Idee. Acutis, Allamano, Medi: la santità che profuma di vita reale
L'ingresso del Santuario della Spogliazione ad Assisi, dov'è custodito il corpo del beato Carlo Acutis
Che la santità sia fatta della stessa sostanza della vita reale è un’acquisizione ormai certa per la Chiesa. Non c’è dubbio che si è santi “nel” mondo – dentro la sua polvere, divina pure quella, peraltro – e non “malgrado” il mondo, quasi il Vangelo prescrivesse di prenderne le distanze e asserragliarsi il più lontano possibile da tutto ciò che può contaminare la purezza della fede. Sarebbe corretto se per santità intendessimo una condizione di perfezione angelica, dunque fuori dalla nostra portata, così ammettendo di non crederci davvero. Non è mai inutile ricordare che è piuttosto l’altro nome della vita reale vissuta «con amore e offrendo ciascuno la propria testimonianza nelle occupazioni di ogni giorno, lì dove si trova», come ha scritto papa Francesco in quella magna charta della santità oggi che è la lettera apostolica Gaudete et exsultate (2018). L’idea invece che la realtà vada dalla parte opposta rispetto a quello che dovrebbe fare a norma di religione, e che dunque sia un luogo ostile e pericoloso per un credente, è sempre lì a tendere la sua quotidiana imboscata. Speculare – va detto – alla tentazione di lasciar perdere perché vivere secondo Cristo sarebbe troppo impervio, persino esagerato, portando fatalmente in rotta di collisione con quello stesso mondo poco accogliente verso i cristiani, che dunque sembrerebbe suggerire un compromesso ragionevole: credenti sì, basta sia una faccenda tutta personale. Immacolati oppure mediocri: riconosciamolo, non è un pendolo al quale – chi più chi meno – siamo tutti esposti?
Anche per questo la promulgazione dei decreti per la canonizzazione di Carlo Acutis e Giuseppe Allamano (già beati) e la dichiarazione delle virtù eroiche di Enrico Medi, per decisione del Papa, arriva come una notizia magnifica e incoraggiante, la prova che la santità secondo quanto non si stanca di proporci la Chiesa nostra madre è vera, accessibile. È come se davanti alla vita del “cattolico della strada” fosse comparso un cartello bello grande che segna la direzione giusta per la santità.

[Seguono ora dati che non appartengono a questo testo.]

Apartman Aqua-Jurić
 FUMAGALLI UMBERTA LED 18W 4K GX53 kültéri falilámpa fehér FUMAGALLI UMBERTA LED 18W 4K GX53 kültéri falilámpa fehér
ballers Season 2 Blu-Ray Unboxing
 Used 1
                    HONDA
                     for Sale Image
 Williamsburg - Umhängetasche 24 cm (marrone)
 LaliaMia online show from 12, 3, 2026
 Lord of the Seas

Una via che forse sospettiamo di non conoscere, e che talora nemmeno sembra di riuscire a vedere in mezzo alla caligine di tanta faticata quotidianità e di tempi contorti e sfumati, che sembrano suggerire di non cercare la meta ma accontentarsi di andare a spasso, senza pretese. Carlo, Enrico e Giuseppe, nella loro grande diversità umana, cronologica e contestuale, ci si fanno accanto invece per dirci di non fermare il passo in attesa di vedere con chiarezza meridiana quali scelte ci potranno guadagnare la santità, ma di avanzare con pazienza dentro le nostre giornate, i piedi per terra e il cuore capace di eternità.
L’adolescente Acutis, lo scienziato e politico Medi, il missionario Allamano si mettono accanto a noi a dirci che le beatitudini sono davvero per tutti, e una fede sincera e concreta è in grado di lasciare una traccia profonda, di creare il primo di infiniti cerchi destinati a propagarsi all’infinito. Nessuno di loro, a scorrerne le biografie, si credeva un fenomeno. Anzi, della santità autentica è la consapevolezza di un invincibile limite personale che è il frutto del riconoscersi bisognosi di tutto. Tutto ciò – beninteso – che è al di fuori del meglio che, umanamente parlando, si è in grado di esprimere. Le tre figure che da punti di partenza diversissimi si sono ritrovate ieri nella stessa notificazione del Dicastero delle Cause dei santi hanno speso la loro vita – lunga o breve – per realizzare quel che gli sembrava con ogni evidenza necessario per ricondurre a Dio la realtà della quale si sentivano corresponsabili. Ognuno ha messo al servizio di questa causa una creatività capace di aprire possibilità inedite dentro la società e la Chiesa del proprio tempo, sino a renderle un poco diverse e nuove per la scoperta di un percorso di vita evangelica possibile dentro le situazioni più disparate.
Ed è proprio la loro diversità di talenti, di impegni e di interessi a dirci che la santità come ipotesi di vita realistica e felice è per tutti, per chi sta in Parlamento o in oratorio, chi è capace di uno sguardo globale e allo studioso, al liceale e al padre costituente, il viaggiatore e il sognatore. Tutti imperfetti, tutti pescatori chiamati nella loro vita reale, un giorno e per sempre.